Taking it a step further, the science of colour has now been applied to our own personal brands, with scientists claiming that what we wear does indeed matter, as different colours convey different messages. Research shows that we make our first impressions about someone in less than a tenth of a second. Colours play a primary role in this impression, including whether we are viewed as trustworthy.

Business Insider used colour theory to compile a list of the best and worst colours to wear to work, listing the best colours for the office as:

  1. Green – Associated with safety, harmony and money.
  2. Blue – Symbolic of truth and wisdom. Also known for its calming effect making you seem cool, calm and collected.
  3. Brown – Representative of stability, however often seen as a masculine colour. This is a good colour for women to wear to work to enhance their credibility.
  4. Black– Elegant, thinning and conveys seriousness and professionalism.

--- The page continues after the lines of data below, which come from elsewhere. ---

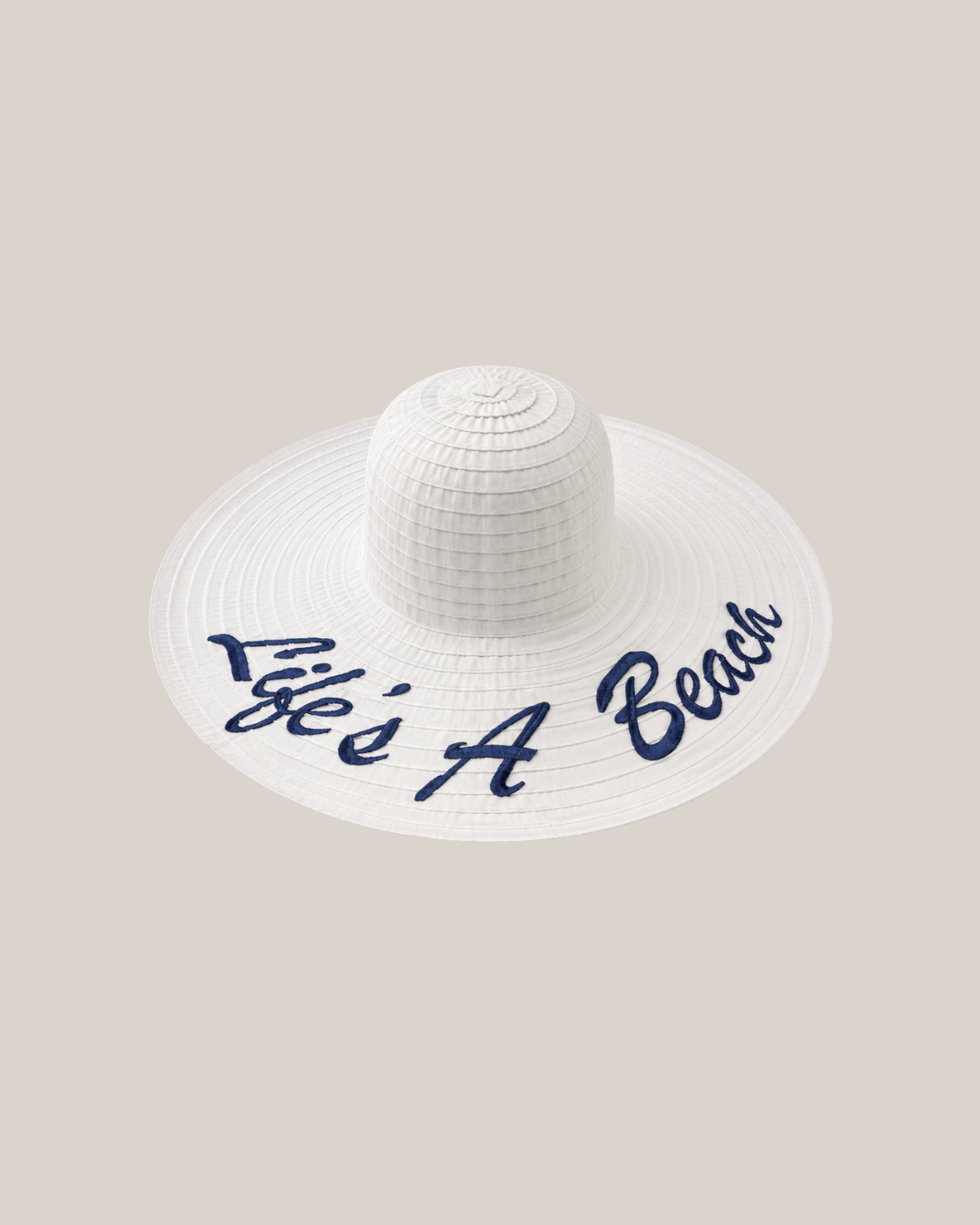 Crushable Quote Hat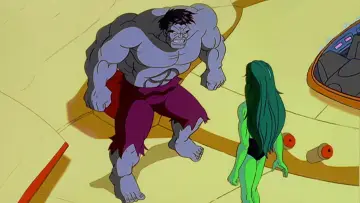 Backdrop for the TV series "The Incredible Hulk" #1547242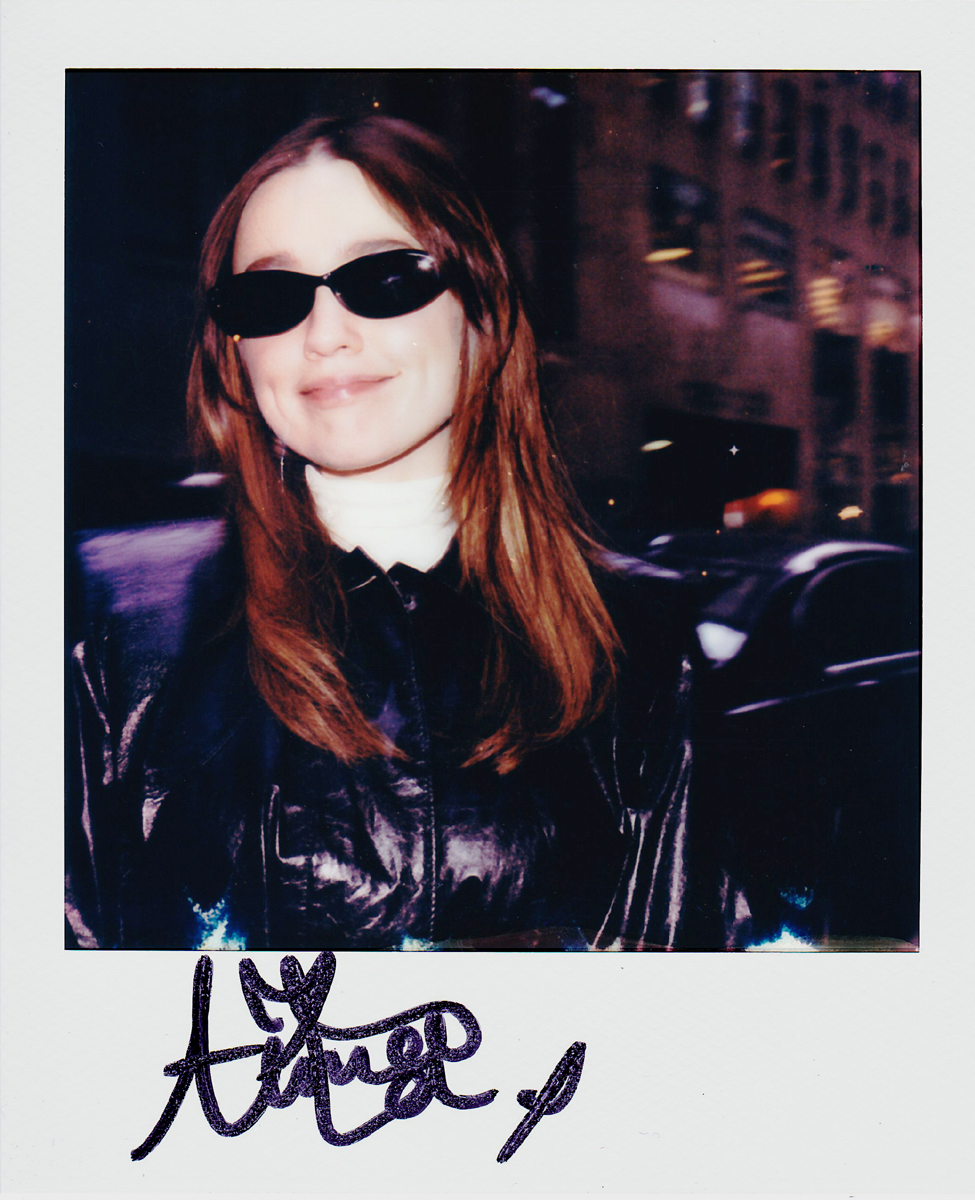 Portroids: Portroid of Aimee Lou Wood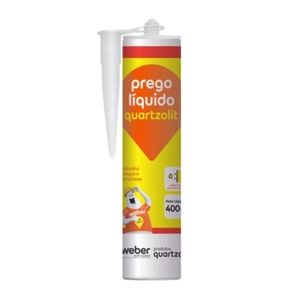 Prego Líquido 400 G Quartzolit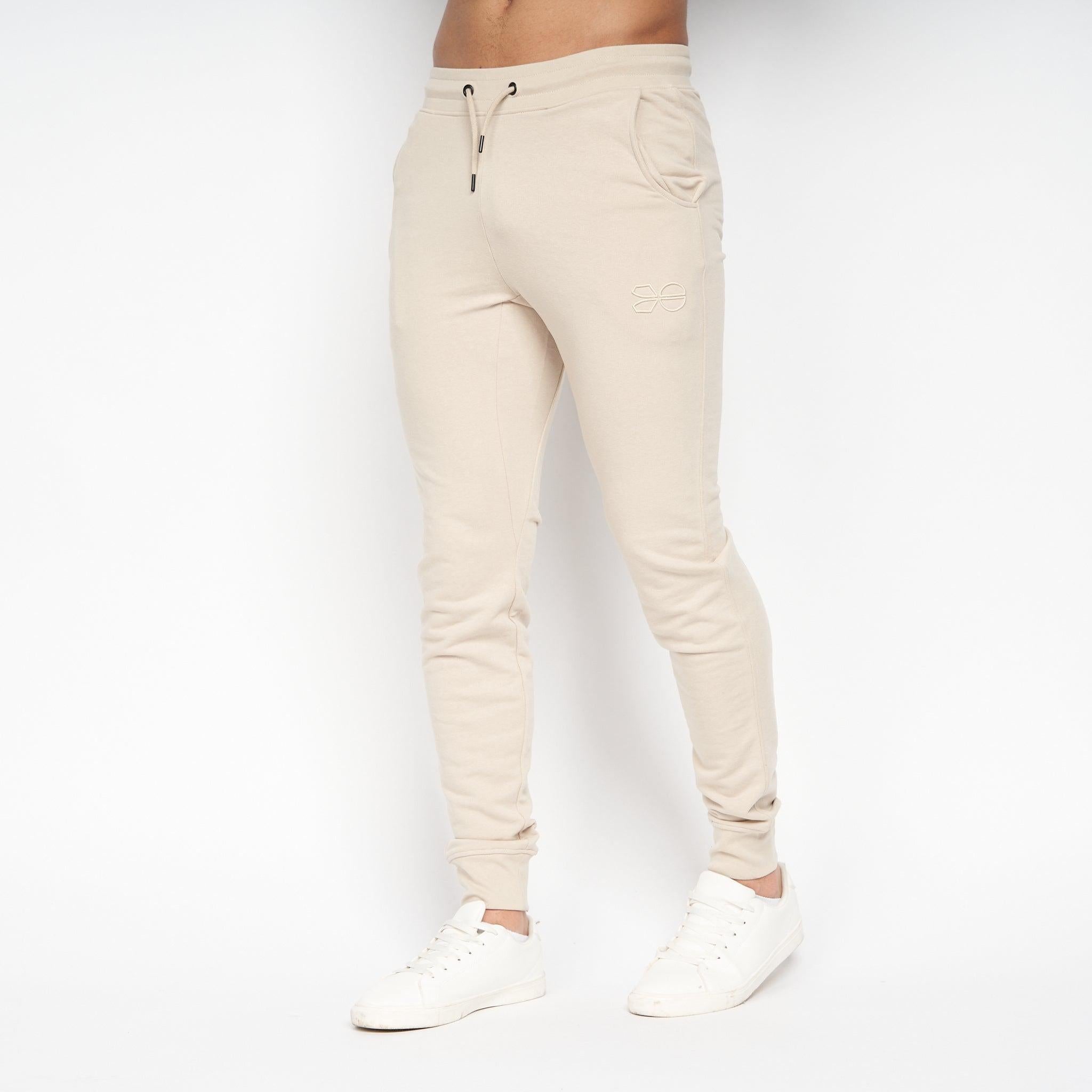 Crosshatch Stone Colour Joggers Topman Wide Leg Cross Hatch Suit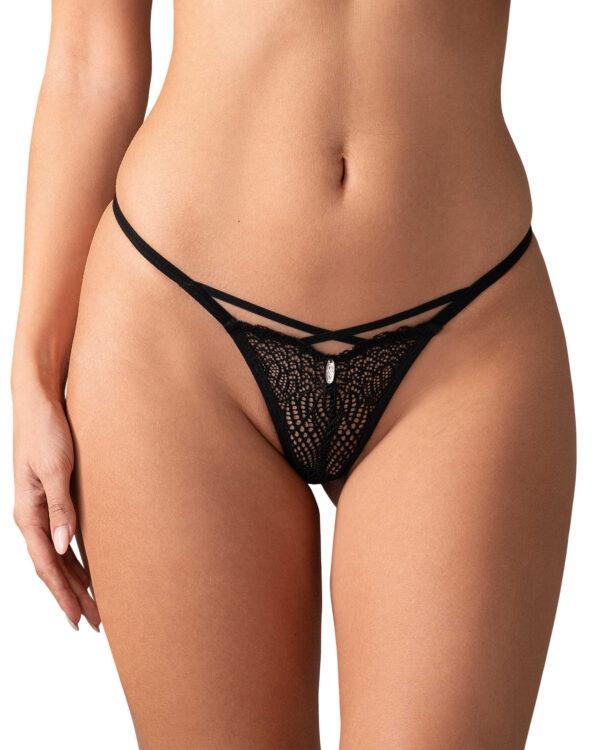 Iliosa string - Noir – Image 3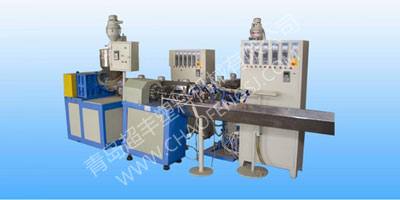 PVC塑筋螺旋增強(qiáng)管生產(chǎn)線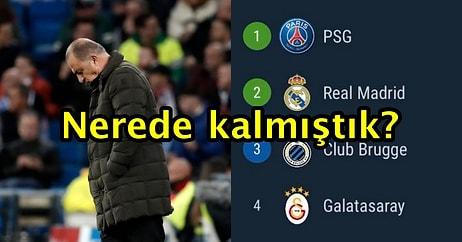 Cimbom 6 Golle Yıkıldı! Real Madrid-Galatasaray Maçında Yaşananlar ve Tepkiler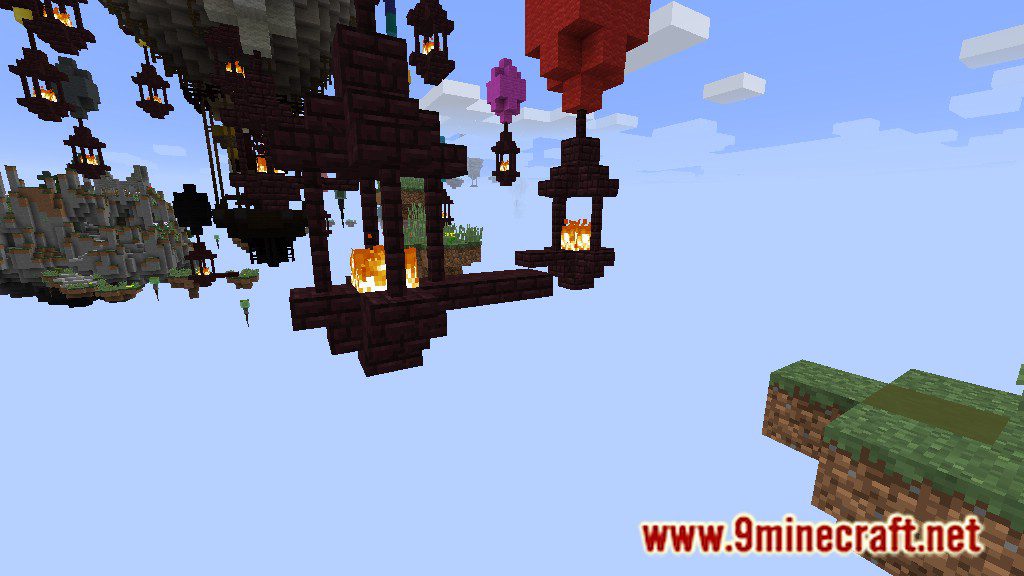 Sky Jumper Map 1.12.2, 1.12 for Minecraft 5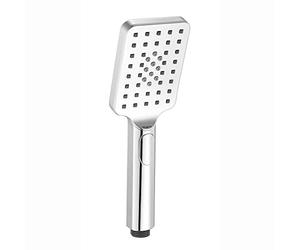 ENKI, E05, Modern Square Multi Function Hand Shower 3 Setting, Chrome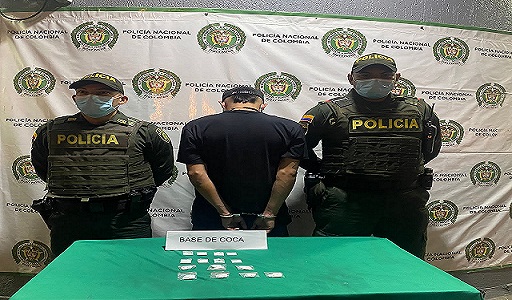 Capturado un hombre de 23 años de edad  Capturado un hombre de 23 años de edad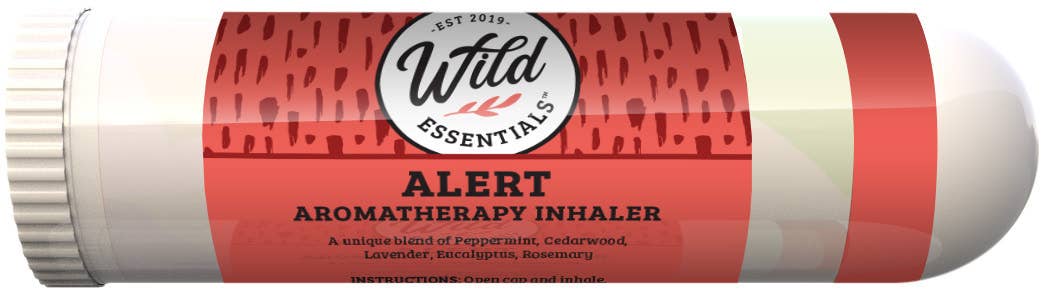 Alert Aromatherapy Inhalers made with essential oils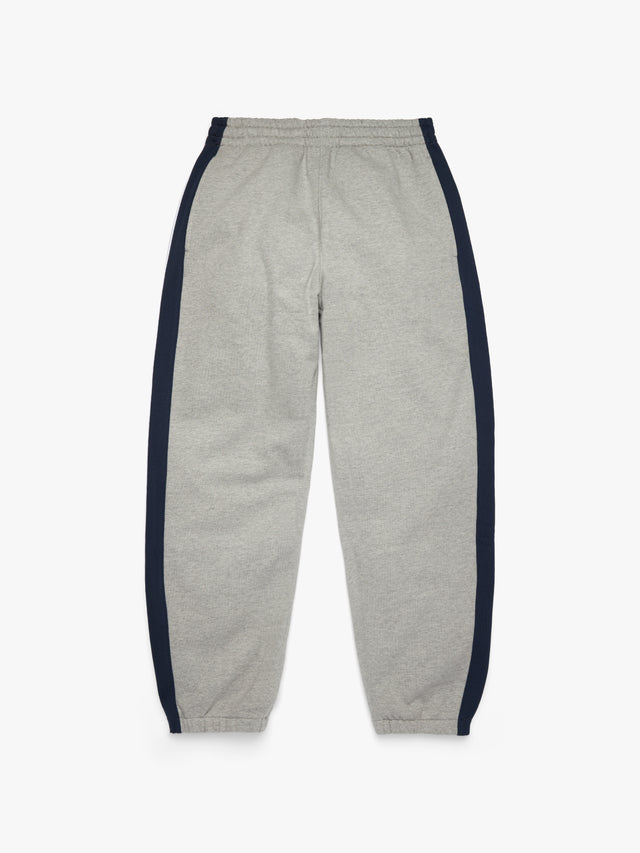 DT Stripe Open Hem Sweatpant Grey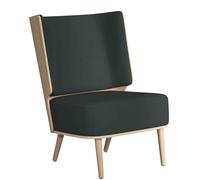 Serena Lounge Chair fauteuil en chêne naturel novoform - 5710435931019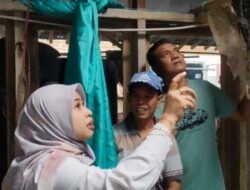 Wujud Kepedulian, Dina Dewan Gerindra Bantu Renov Rumah Warga Kronjo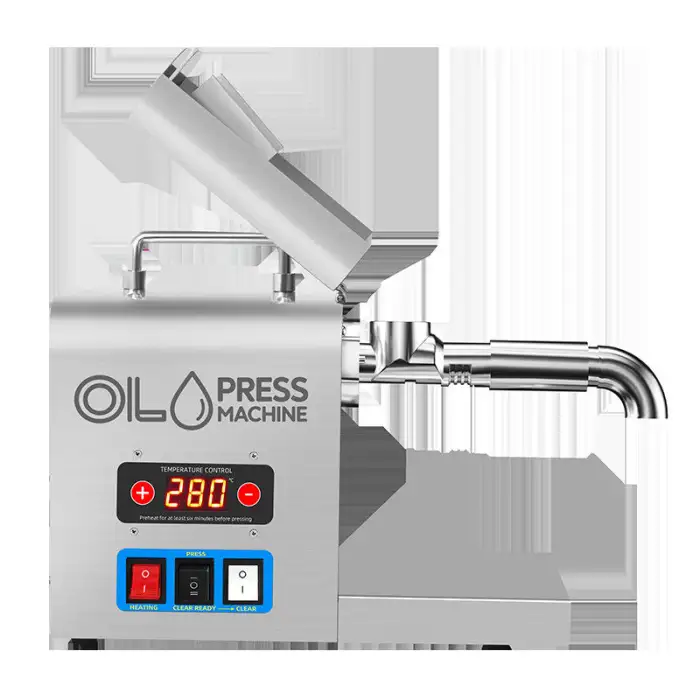 Household Home Small Scale Virgin Coconut Oil Extraction Machine/Olive Peanut Sesame Oil Presser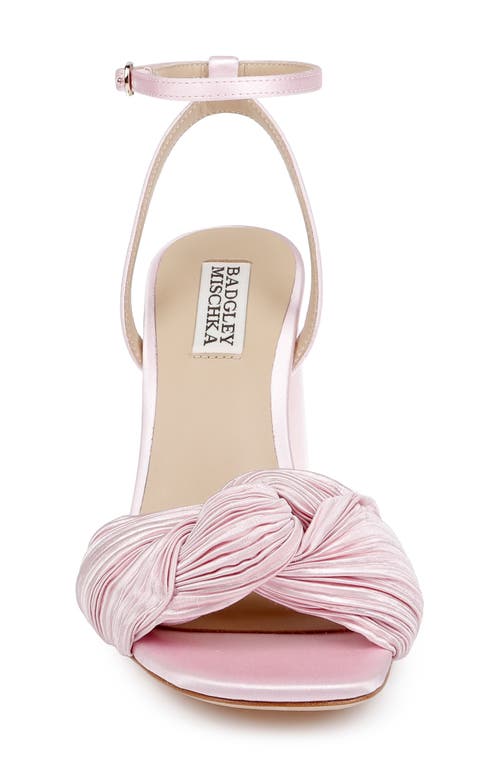 BADGLEY MISCHKA BADGLEY MISCHKA COLLECTION DAFNE ANKLE STRAP SANDAL 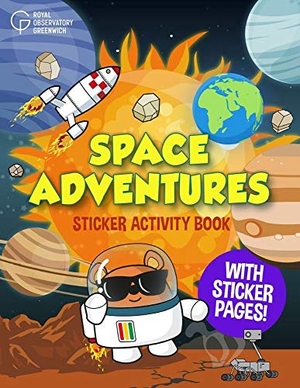 Royal Observatory Greenwich. Space Adventures Sticker Activity Book. Royal Museums Greenwich, 2020.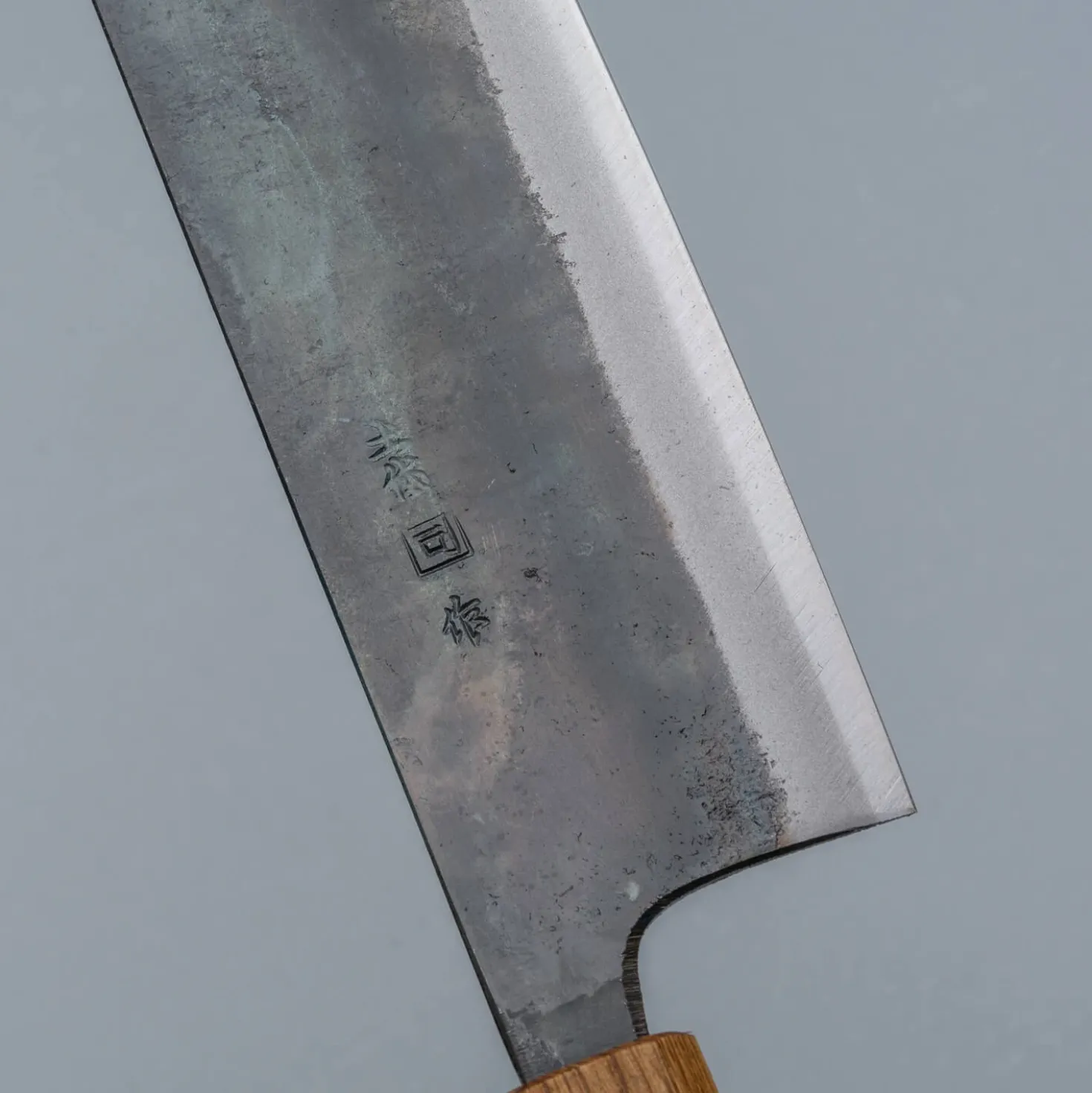 Tosa Tsukasa Shirogami Kurouchi Nakiri 16.5 cm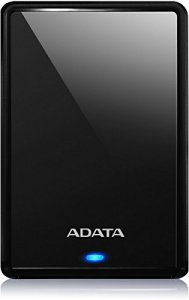 Adata AHV620S-1TU31-CBK External Slim Hdd 1tb Usb 3.2black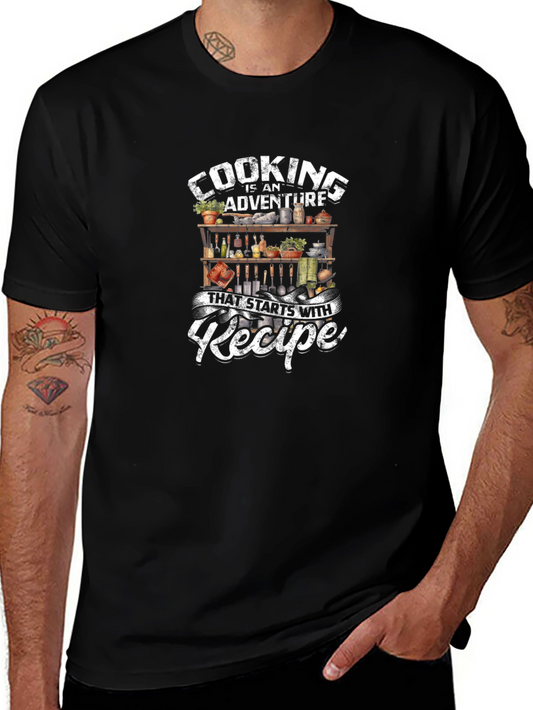 Cooking Adventure Graphic Tee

Whilst the worst colours were:

  1. Yellow – Stimulates joy which can be over energizing for the office.
  2. Grey – Implies the wearer is passive and bland.
  3. Red – Connotations with aggression and passion

What is striking from this research is that the colours considered to be calming, stable and serious are often considered traditionally male colours, whilst traditionally female colours have connotations of instability, passion and expressive emotions.

Women in the office are often accused of being overly emotional and expressive whilst men are often seen as calm and collected helping to propel them into leadership positions. Colour theory may play a large part in this, and is perhaps the spark behind a growing market for corporate stylists. Employees often go to get “their colours done” as they become more senior, to aid in projecting the right image to both their staff and customers, and even to help them look younger.